Tristan et Yseult

E n plus d’être beau, Tristan est un chic type. Quand son oncle, le roi Marc, lui demande de retrouver la propriétaire d’un cheveu égaré dans son jardin, et de la lui ramener pour qu’il l’épouse, il n’hésite pas une seule seconde. Il repère la demoiselle, mais voilà qu’elle s’éprend de lui. Le chevalier n’a cependant qu’une parole et il livrera a son parent l’objet de sa convoitise. À l’instant du départ, la mère de la blondinette, inquiète, confie à sa progéniture un élixir que les promis pourront boire afin d’assurer un mariage heureux. Mais c’est bien connu, on n’est pas sérieux lorsqu’on a 15 ans : l’insouciante fait absorber la potion au héros, avant de la prendre à son tour. Ce qui est embêtant, c’est que la jeune fille est attendue par le souverain qui est par ailleurs très attaché à l’aventurier. Qui l’emportera ? l’affection ? la loyauté ? l’amitié ? la famille ?
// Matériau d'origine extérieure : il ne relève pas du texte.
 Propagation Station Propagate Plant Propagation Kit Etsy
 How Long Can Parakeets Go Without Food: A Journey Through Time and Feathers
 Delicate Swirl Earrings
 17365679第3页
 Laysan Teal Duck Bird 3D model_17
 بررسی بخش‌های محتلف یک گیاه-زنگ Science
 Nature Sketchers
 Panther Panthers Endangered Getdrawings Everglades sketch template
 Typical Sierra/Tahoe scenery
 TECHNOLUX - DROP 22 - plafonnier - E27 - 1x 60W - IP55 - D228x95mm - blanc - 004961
Agnès Maupré propose une amusante modernisation d’un mythe populaire. Elle en recycle les principaux éléments (boissons magiques, étreintes illicites, etc.) pour mieux les travestir. Oubliez l’amour courtois, les amants vivent une passion charnelle. Au reste, leur première union évoque un viol. Les protagonistes sont facétieux. Pour dire vrai, leurs comportements font penser à ceux des adolescents d’aujourd’hui. La pucelle pique des colères, claque les portes et refuse d’être considérée comme une marchandise, surtout si l’« acheteur » est un gentil roitelet pondéré et végétarien alors qu’elle a le béguin pour un impétueux traqueur de dragons. Le récit est sympathique, un peu léger, mais soutient l’intérêt du lecteur.
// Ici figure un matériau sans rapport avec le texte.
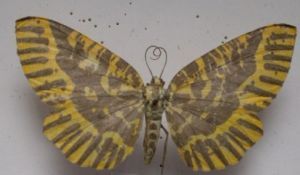 中國虎尺蛾 中國虎尺蛾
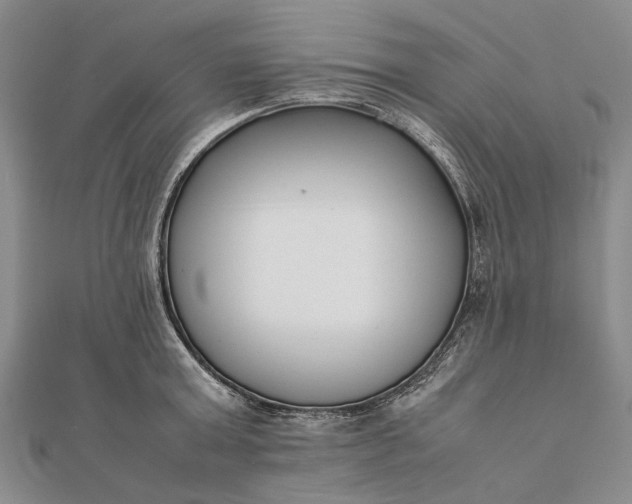 X0000111850803200908061313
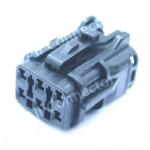 MG610335-5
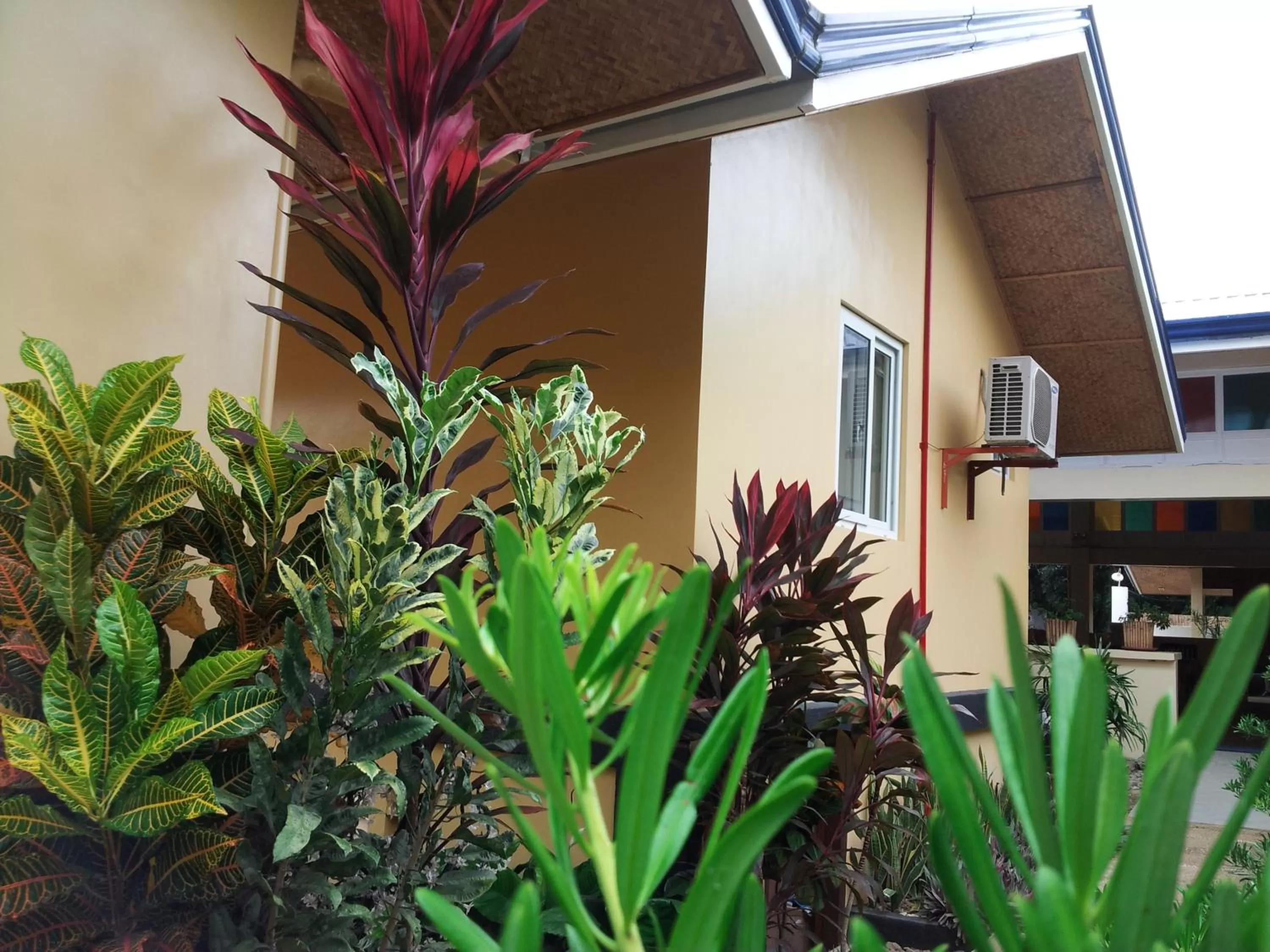 Garden in Blue Lagoon Inn & Suites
Le dessin de Singeon est simple et fleurette avec la ligne claire. Les scènes d’action sont particulièrement efficaces, notamment un combat contre une créature mythique et une chasse à courre. Des motifs floraux inspirés par l’art nouveau sont également réussis. Les visages sont toutefois rapidement exécutés et les bouches semblent parfois siliconées. Le découpage est par moment audacieux, par exemple, un banc de poissons prend son élan sur la troisième bande de la page de gauche et se poursuit sur toute la planche suivante, certaines cases sont triangulaires et d’autres filiformes.
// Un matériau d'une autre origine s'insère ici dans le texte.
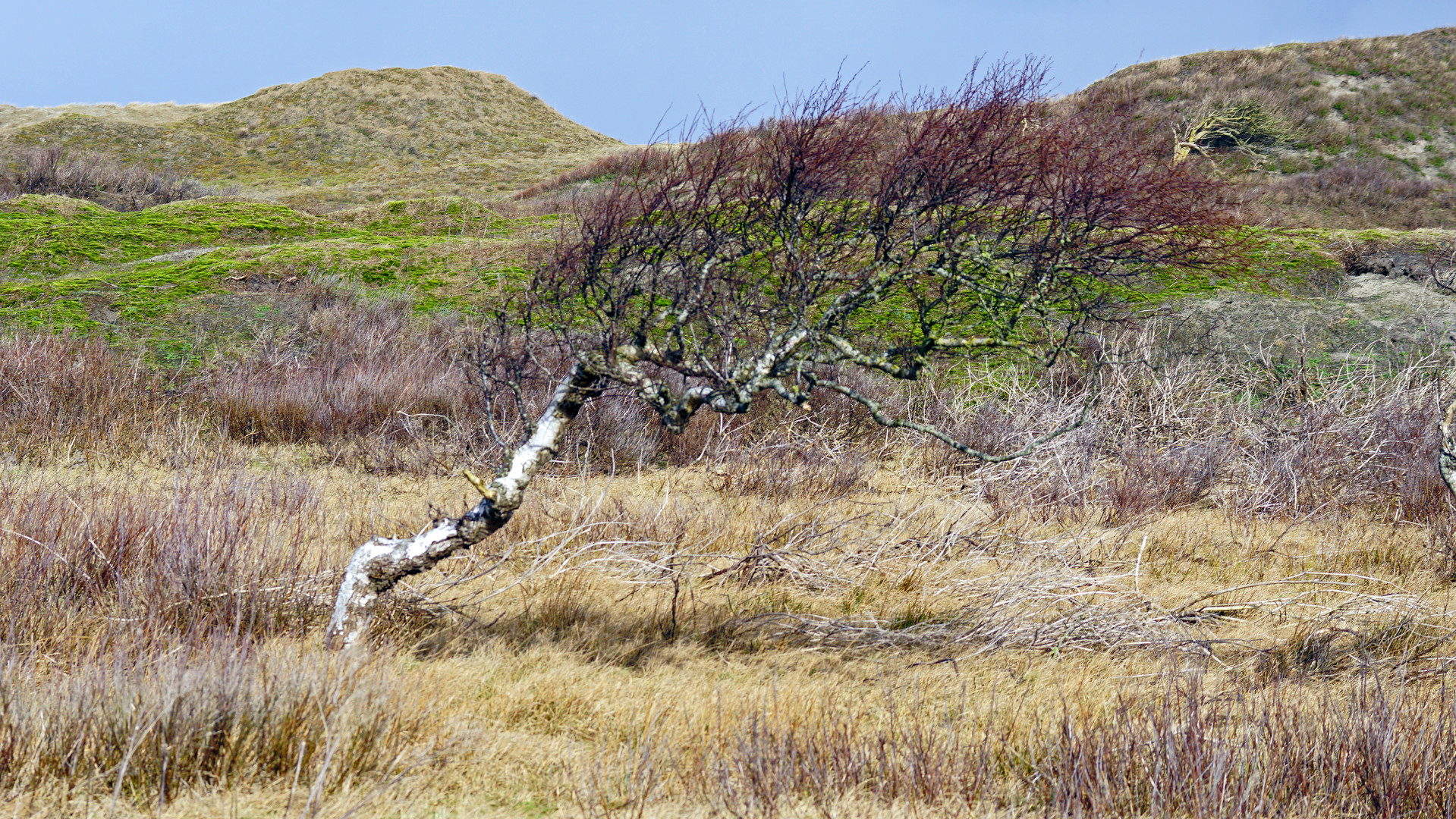 windschief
La colorisation est centrale dans cette adaptation. Les pigments sont acérées et renforcent le dynamisme de la composition. Les ciels, les mers et les intérieurs sont de tous les tons et permutent d’une vignette à l’autre. Ce jeu sur les contrastes stimule la narration en accentuant l’intensité des conflits. Paradoxalement, les couleurs sont aussi le matériau le plus faible de ce livre. Trop crues, elles finissent par faire mal aux yeux. Les personnages ont le poil rose, vert ou fuchsia et les teintes ont tendance à être inconstantes. Par exemple, la chevelure de l’héroïne change fréquemment d’apparence, sans que cela soit toujours justifiable par une différence d’éclairage. Bref, les coloris souffrent d’un excès de créativité.

Un album énergique et joyeux qui remet un conte traditionnel au goût du jour.